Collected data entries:
________________________________________
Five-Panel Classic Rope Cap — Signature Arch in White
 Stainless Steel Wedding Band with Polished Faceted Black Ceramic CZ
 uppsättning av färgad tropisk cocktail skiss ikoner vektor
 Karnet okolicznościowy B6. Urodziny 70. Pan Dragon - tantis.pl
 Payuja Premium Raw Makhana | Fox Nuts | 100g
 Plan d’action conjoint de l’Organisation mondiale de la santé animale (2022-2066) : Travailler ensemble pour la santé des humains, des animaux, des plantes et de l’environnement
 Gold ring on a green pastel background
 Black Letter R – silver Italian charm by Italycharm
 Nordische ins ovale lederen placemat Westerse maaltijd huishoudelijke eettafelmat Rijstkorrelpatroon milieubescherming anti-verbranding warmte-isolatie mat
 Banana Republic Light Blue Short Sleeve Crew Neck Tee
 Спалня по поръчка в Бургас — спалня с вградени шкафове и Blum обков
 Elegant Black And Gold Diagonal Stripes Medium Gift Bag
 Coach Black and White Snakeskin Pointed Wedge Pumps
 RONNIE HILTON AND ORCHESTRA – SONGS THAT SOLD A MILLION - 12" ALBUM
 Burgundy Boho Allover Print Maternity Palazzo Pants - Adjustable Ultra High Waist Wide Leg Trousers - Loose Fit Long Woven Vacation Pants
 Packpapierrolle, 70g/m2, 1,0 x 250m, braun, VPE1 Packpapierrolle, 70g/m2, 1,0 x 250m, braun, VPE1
________________________________________
ASSIGNMENT »
In the entries above, please find the line with "Black Letter R" and the line with "Banana Republic Light", then write out exactly those two lines and every line between them, and nothing more.

TASK SOLUTION »
 Black Letter R – silver Italian charm by Italycharm
 Nordische ins ovale lederen placemat Westerse maaltijd huishoudelijke eettafelmat Rijstkorrelpatroon milieubescherming anti-verbranding warmte-isolatie mat
 Banana Republic Light Blue Short Sleeve Crew Neck Tee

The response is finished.